I had been recording the whole event from a line I'd plugged into the sound system -- standard practice for such coverage. When Kerry finished talking to Florida and walked up to some of the factory workers watching him, I left the recorder rolling and my headphones on. That's because some of the most interesting things that come out of candidates' mouths happen when the official event is over but the lavalier microphones clipped to their shirts are still on.

Kerry began chatting with the workers. "Tell it like it is," one of them said, shaking hands with Kerry. "Keep smilin'," said another.

Kerry replied in a vernacular unlikely to burn the ears of union workers used to Chicago politics. "Oh yeah, don't worry, man, we're going to keep poundin'," said the candidate. "Let me tell ya, we're just beginnin' to fight here." And then came the Kerry kicker that would turn a fairly forgettable campaign stop into headlines: "These guys are, these guys are the most crooked, you know, lying group I've ever seen." Just a moment later, Kerry's mike was turned off.

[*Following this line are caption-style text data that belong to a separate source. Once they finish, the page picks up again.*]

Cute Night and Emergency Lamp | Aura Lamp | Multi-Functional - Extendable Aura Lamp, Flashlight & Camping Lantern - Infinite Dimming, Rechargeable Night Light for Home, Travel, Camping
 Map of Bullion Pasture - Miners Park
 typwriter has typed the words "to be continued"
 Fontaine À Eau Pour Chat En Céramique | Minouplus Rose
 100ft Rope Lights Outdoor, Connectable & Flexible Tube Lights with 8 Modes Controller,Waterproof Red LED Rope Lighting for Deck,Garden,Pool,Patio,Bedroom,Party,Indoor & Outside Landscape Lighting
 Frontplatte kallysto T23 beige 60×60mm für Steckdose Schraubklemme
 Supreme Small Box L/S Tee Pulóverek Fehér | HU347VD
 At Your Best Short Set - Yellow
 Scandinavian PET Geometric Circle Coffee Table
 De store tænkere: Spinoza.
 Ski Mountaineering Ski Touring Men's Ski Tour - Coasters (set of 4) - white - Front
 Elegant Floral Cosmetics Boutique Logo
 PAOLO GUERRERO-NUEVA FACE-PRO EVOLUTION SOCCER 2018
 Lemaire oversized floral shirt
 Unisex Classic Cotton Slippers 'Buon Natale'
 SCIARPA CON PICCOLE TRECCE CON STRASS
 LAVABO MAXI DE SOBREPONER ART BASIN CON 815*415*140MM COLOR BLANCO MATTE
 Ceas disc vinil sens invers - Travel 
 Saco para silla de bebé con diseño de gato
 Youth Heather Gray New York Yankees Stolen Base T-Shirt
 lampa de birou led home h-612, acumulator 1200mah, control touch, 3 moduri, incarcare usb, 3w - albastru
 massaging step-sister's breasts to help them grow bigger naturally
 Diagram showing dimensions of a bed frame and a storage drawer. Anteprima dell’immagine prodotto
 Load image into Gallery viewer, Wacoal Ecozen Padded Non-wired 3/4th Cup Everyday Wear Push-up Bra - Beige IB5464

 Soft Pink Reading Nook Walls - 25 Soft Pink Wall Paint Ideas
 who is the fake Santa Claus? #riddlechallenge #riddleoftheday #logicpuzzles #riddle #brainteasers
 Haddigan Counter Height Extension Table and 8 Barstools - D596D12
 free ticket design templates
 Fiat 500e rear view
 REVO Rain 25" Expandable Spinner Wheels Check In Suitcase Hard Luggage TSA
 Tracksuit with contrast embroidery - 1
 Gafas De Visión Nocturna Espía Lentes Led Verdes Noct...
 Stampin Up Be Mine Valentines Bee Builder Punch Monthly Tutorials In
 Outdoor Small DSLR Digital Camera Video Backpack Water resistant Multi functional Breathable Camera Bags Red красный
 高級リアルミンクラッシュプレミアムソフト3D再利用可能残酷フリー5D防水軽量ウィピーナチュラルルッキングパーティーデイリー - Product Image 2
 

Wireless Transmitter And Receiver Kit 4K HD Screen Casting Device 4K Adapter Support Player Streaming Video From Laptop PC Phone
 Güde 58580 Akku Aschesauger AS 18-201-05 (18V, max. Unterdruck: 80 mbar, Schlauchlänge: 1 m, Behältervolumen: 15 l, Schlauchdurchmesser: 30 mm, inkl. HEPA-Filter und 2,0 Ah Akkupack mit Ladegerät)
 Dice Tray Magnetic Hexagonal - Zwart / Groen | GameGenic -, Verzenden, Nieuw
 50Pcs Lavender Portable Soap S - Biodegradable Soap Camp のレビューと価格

I turned to Jill Zuckman, the Chicago Tribune reporter next to me, to see if she'd heard what I'd just heard. She had not, but she too had left her recorder on. She alerted other reporters, and by the time we'd all trooped out to O'Hare and got back on Kerry's chartered Boeing 727 to fly to Washington, D.C., Kerry's comment (which I transcribed for those who had not heard it) had become the talk of a planeload of laptop-tapping correspondents. I asked Kerry spokesman David Wade on the plane about the comment (he seemed surprised anyone had heard it) and to which collection of souls his boss was referring to as "the most crooked, you know, lying group I've ever seen." Wade's instant reply: "the Republican attack machine."

Was Kerry's comment intended for wider consumption? My sense is that it was not. He in fact lowered his voice, as if not to be overheard, when he delivered his zinger to a couple of guys he hoped would vote for him next fall. Even so, Kerry refused to apologize for what he had said when asked about it the next day (he was too busy choosing a vacation destination on the flight back to D.C., according to Wade, to comment then on his overheard ad lib). What Kerry said was not a surprise -- he makes no secret of how little esteem he has for what his campaign calls "the Republican smear machine." What was a surprise was that he said it with his microphone still on, making it fair game for those of us who happened to be listening.

Perhaps by October, what Kerry said on that Chicago factory floor will seem quaint in relative terms. That's if this campaign's trend continues toward ever-nastier, tit-for-tat TV and radio ads from both camps. Still, it's the unscripted, supposedly private comments from the candidates that give us the unfiltered version of what's going on in their heads. And that's why I'll keep leaving my recorder running and my headphones on. This wasn't the first time Candidate Kerry was caught saying things probably not meant for broadcast -- and it likely won't be the last.